Muchas gracias por todo jefes y jefas!!

Estaré atento ante más comentarios


----------



## Wifli (10 Oct 2012)

Estoy casi decidido por cursar el Goblal MBA de la OBS(Universidad de Barcelona)...¿alguien puede decirme algo de esta escuela Online Business School?? experiencias propias, de conocidos..de oídas...


----------



## infliximan (28 Ago 2013)

¿Hiciste el MBA en OBS? ¿Que tal fue?


----------



## jamoriart (2 Sep 2016)

*OBS horrible*

Yo lo hice en OBS.
Sinceramente es lo peor que he hecho en mi vida. He tirado a la basura más de 4.000€.
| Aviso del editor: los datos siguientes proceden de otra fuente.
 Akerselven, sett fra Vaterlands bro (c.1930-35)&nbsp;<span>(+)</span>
Un máster que hecho con retales, una recopilación de enlaces de toda procedencia sobre los temas, sin cohesión y sin mucha coherencia donde el propio máster está "sin hacer", puesto que son los alumnos los que lo van construyendo mediante los debates semanales, donde son obligados a participar exponiendo sus "ideas y opiniones" sobre temas que desconocen y que resulta en un montón de horas de lecturas de muy bajo rendimiento...

Cuando tienes dudas o quejas tardan semanas en contestar (si contestan, que en ocasiones ni siquiera eso). No dan facilidades y no son flexibles.
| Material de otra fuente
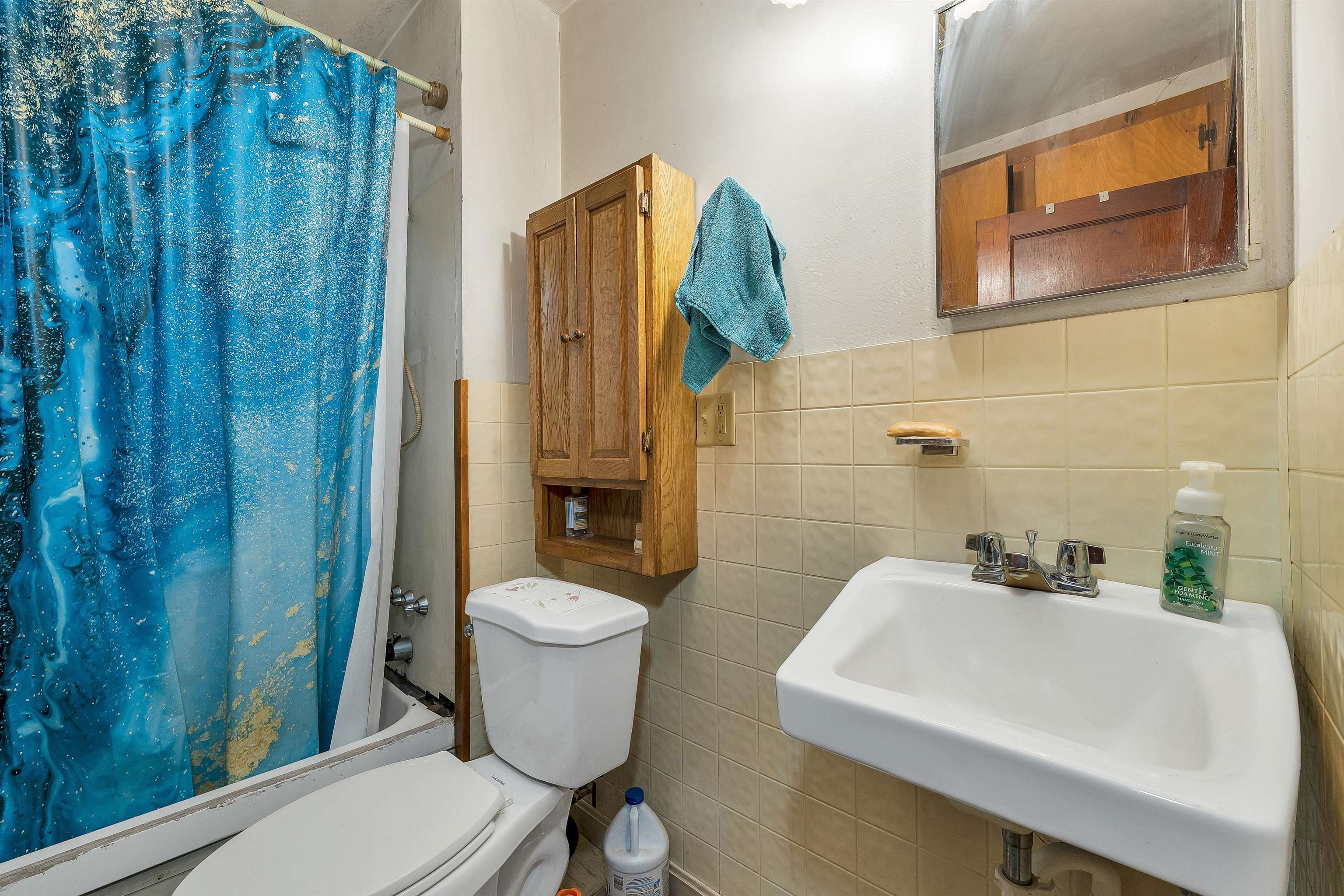 169 Old Town Road Property Photo 11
Si te gusta el método genial, si no, te recomiendan que lo abandones, que aceptes que has perdido tu dinero y que no les des muchos más problemas.
Sinceramente, el peor máster que he visto en toda mi carrera.

Una verdadera lástima.


----------



## Gustavo Woltmann (12 Sep 2016)

Si bien es importante tomar un MBA presencial, también hay que considerar que cada vez son más aceptados los programas virtuales, y asimismo la importancia en la experiencia laboral se ha incrementado, lo que antes no sucedía. Así que antes de tomar un MBA pensando en ascender, te recomiendo que consideres tu experiencia.

Saludos


----------



## Yadda_Yadda_Yadda (16 Sep 2016)

EOI o ESADE. Punto.

EOI = todos los profesores tienen experiencia de haber emprendido ellos.

ESADE = dicen que tiene un buen programa.


----------



## pepejoaki (16 Sep 2016)

El hilo tiene 4 años... supongo que ya se habrá licenciado el forero...


----------



## CObloggers (20 Jul 2017)

Realmente merece la estudiar un master mba ?


----------